Le besoin de sécurité économique
Puis, il y a eu la seconde guerre mondiale, dont on a tiré de nombreux enseignements, notamment le
fait qu'il était impossible d'édifier un avenir politique sûr sans accroître la sécurité économique. On
s'est mis à chercher de meilleurs instruments de coopération internationale. Cette recherche a porté
ses fruits lors d'une conférence tenue à Bretton Woods (États-Unis) en 1944. Les participants à cette
conférence ont créé le Fonds monétaire international et la Banque mondiale, auxquels ont été confiées
des questions telles que l'instabilité monétaire et le financement de la reconstruction après la guerre.
L'OIC: une première tentative
Les tentatives pour créer un équivalent chargé du commerce international – l'Organisation
internationale du commerce (OIC) – ont pris beaucoup plus de temps. Un arrangement intérimaire a
été conclu entre un nombre limité de pays, mais il laissait de côté bon nombre des aspects les plus
importants du commerce international. Cet arrangement a pris la forme de l'Accord général sur les
tarifs douaniers et le commerce (GATT), qui a vu le jour en 1948. La réponse complète à la question
de savoir quelle serait l'institution chargée du commerce international est venue un demi-siècle plus
tard avec la naissance de l'Organisation mondiale du commerce.
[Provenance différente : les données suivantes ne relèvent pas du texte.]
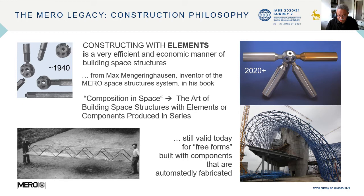The construction philosophy: constructing with elements is a very efficient and economic manner of building space structures — from Mengerinhausen, inventor of the MERO system, in his book Composition in Space. Summarizing the art of building space structures with elements or components produced in series. Valid in 1940 and valid today for freeforms built with components that are automatically fabricated.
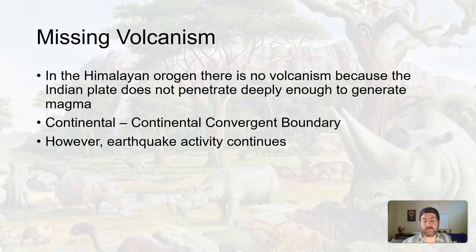In the Himalayas, there's no volcanism. During the Himalayan orogeny, there's no volcanism because the Indian plate, which is continental crust, is crashing into the Eurasian plate, which is also continental crust. They're the same density, so the Indian plate does not penetrate deeply enough — being lighter in density — to melt and generate magma. Things just crumple up. There is a little bit of material maybe going down, but not deep enough to melt, turn into magma, and make volcanoes. We get a lot of earthquakes in that area, but no volcanoes, because we're at a continental-to-continental crust convergent boundary.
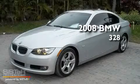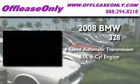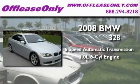This is a 2008 BMW 328. This car has a 6-speed automatic transmission and a 3.0-liter inline 6-cylinder engine.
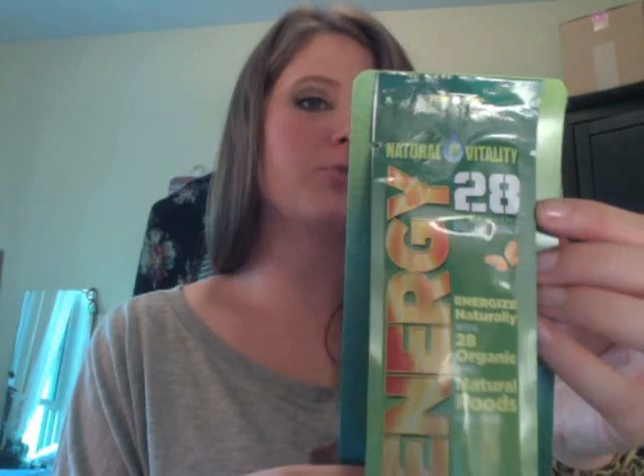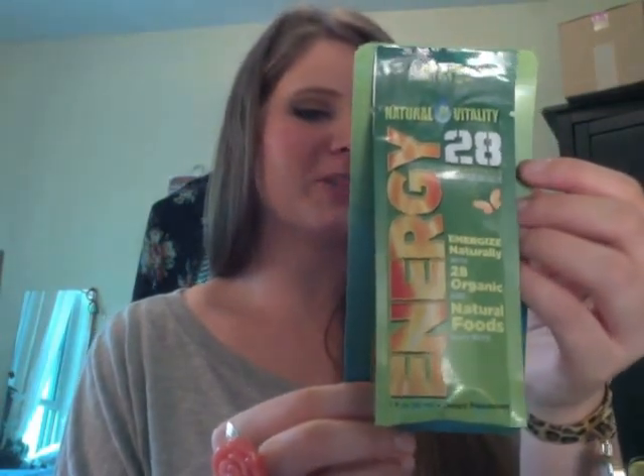And some info packets in here, and an energy drink — a whole food energizer with natural energy from 20 organic natural foods plus more. It's vegan, gluten-free and non-GMO. So here's an energy drink for you. I love energy drinks because I need all the energy I can get.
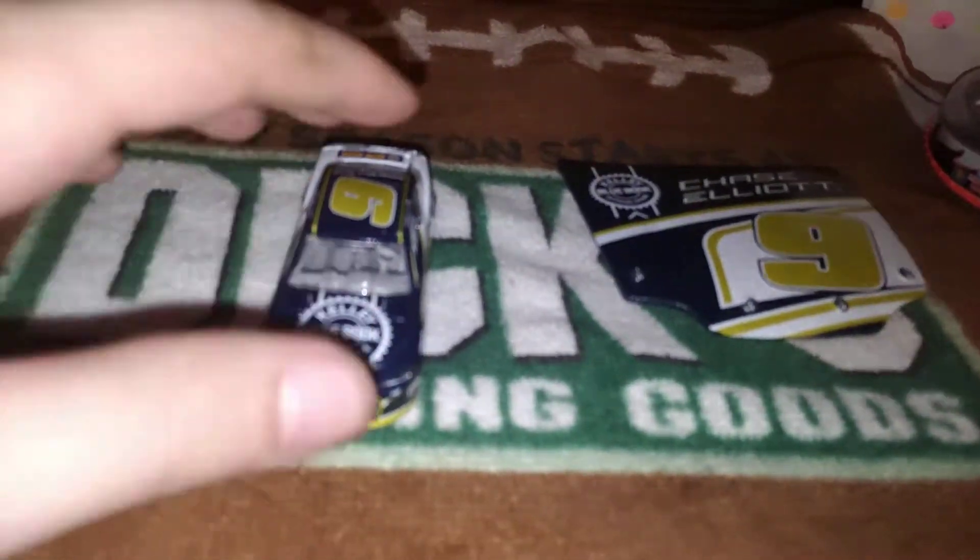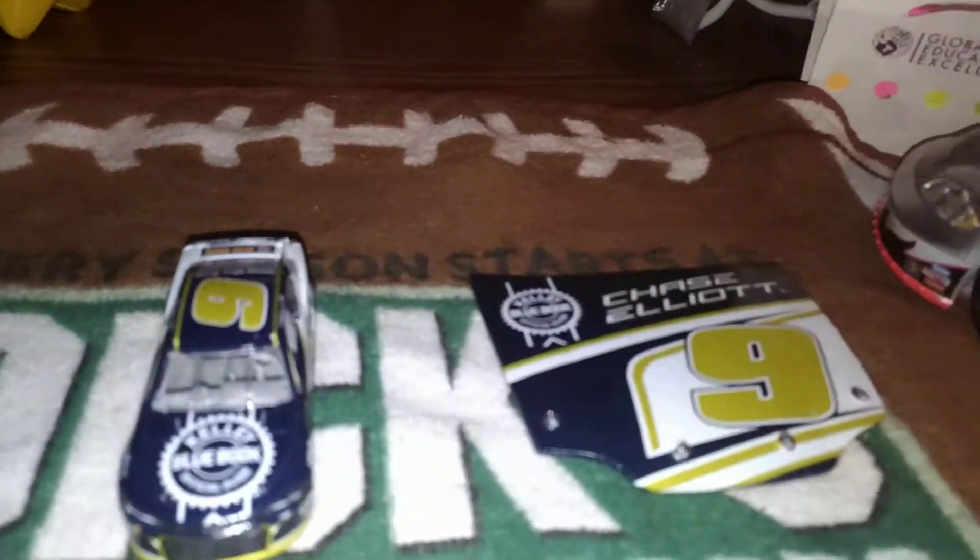Hey everyone, this is Michael R., A.K.A. Water Entertainment here today. We have a 2018 Chase Elliott, Kelly Blue Book, NASCAR S164.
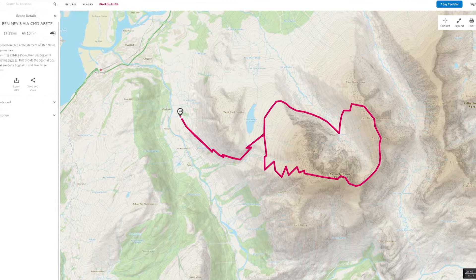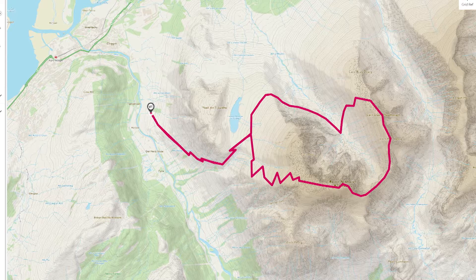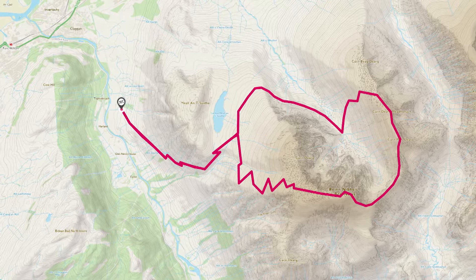But the one that I recommend for adventurous walkers is the Càrn Mòr Dearg Arête. To get to that, you walk up the Allt a' Mhuilinn, so it takes you right underneath the north face itself, past the Charles Inglis Clark hut — the CIC hut, as it's known.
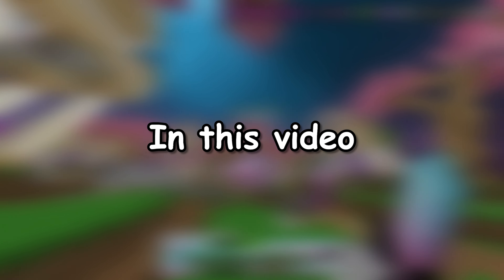What's up Minecrafters, Koala here. In this video, I'll be going over all the Hive's pets and mounts of 2023.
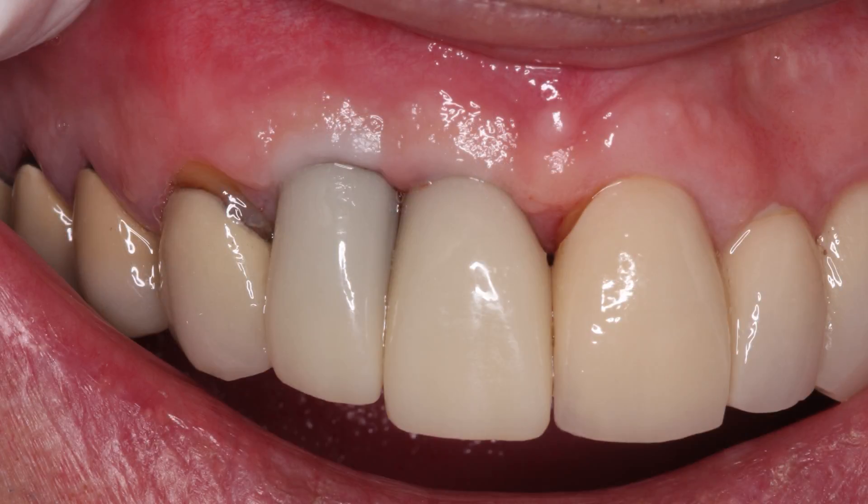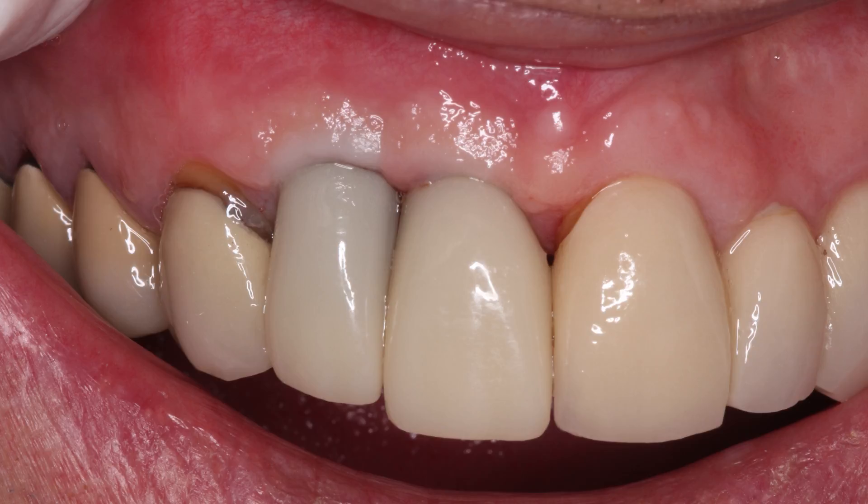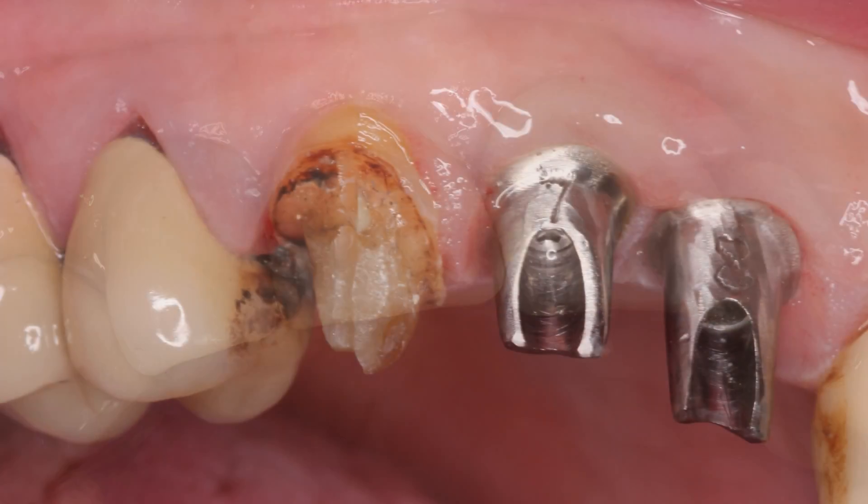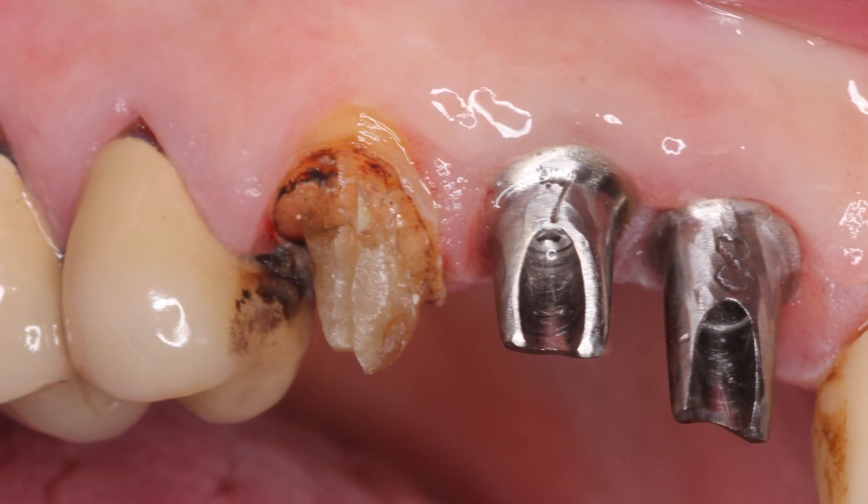The two temporary abutments included in the TRS system are patient-specific, and they allow us to carry forward the work done training the tissue by using the same pattern as the custom healing abutments. The biotemp restorations were then placed to further train the gingiva and were kept out of occlusion.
Prises de conscience essentielles
Malgré l'échec de la première tentative de créer une organisation du commerce international, des
améliorations notables ont été apportées à la conduite du commerce mondial durant l'après-guerre,
grâce à deux prises de conscience essentielles de la part des responsables de la politique commerciale.
La première était que le redressement économique de l'après-guerre passait par l'ouverture des
marchés et la libéralisation des échanges. La seconde était que le commerce ne se développerait que
si ses acteurs eux-mêmes pouvaient s'appuyer sur un système stable et prévisible. Le meilleur moyen
d'y parvenir était d'élaborer un ensemble de règles mutuellement convenues, contraignantes pour tous
les membres et applicables grâce à un mécanisme de règlement des différends. Le commerce se ferait
selon des règles – et non selon la puissance des nations. Ces deux prises de conscience ont façonné le
système commercial multilatéral et ont joué un rôle fondamental dans sa réussite.